State Whistleblower Laws
Although there are federal regulations put in place by the IRS and other organizations to encourage whistleblowers to come forward, some restrictions and acts are specific to states.
The False Claims Act has been enacted in 27 states, as well as the District of Columbia. It was put in place to protect the United States government against untrue claims. The act encourages whistleblowers to come forward and report fraud by providing incentives by offering 15-25% of any award that comes from a lawsuit made possible by those who were willing to provide information.
State Employees: Alabama, Colorado, Indiana, Iowa, Kansas, Kentucky, Missouri, Oklahoma, Washington, and West Virginia have laws that restrict state employers’ ability to retaliate against their employees who decide to become whistleblowers. This means they cannot be fired simply for coming forward about wrongdoing within their workplace. Indiana even protects employees against being unwillingly transferred after becoming whistleblowers.
Public Employers: Alaska, Delaware, Illinois, Pennsylvania, and Utah have statutes that protect public employees from retaliation against their employers after coming forward about legal and ethical issues.
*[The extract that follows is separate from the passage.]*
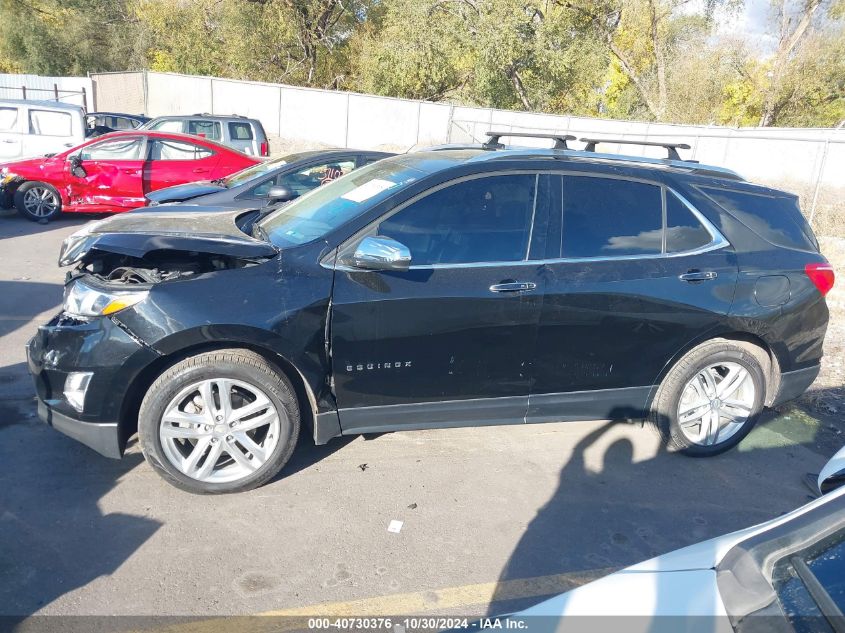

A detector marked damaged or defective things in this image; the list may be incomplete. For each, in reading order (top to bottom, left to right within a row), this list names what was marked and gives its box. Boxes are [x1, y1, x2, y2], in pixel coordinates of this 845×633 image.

Alaska’s regulation states that employers can be liable for fines of up to $10,000 for breaking the law. In Pennsylvania, however, employers can only be fined up to $500 for violating the protective act.
Private and Private Employers: Connecticut, Florida, Hawaii, Maine, Minnesota, New Hampshire, New Jersey, New York, Ohio, Oregon, Rhode Island, and Tennessee protect both private and public employees from retaliation. They encourage employees to come forward and fight corruption and other illegal activity within their workplace.
All Employers: California, Louisiana, and Massachusetts have statutes that protect all employees from retaliation resulting from becoming a whistleblower.
Each state has slightly different regulations for whistleblowers and employers. Click on your state below and find out what protections you have as a whistleblower.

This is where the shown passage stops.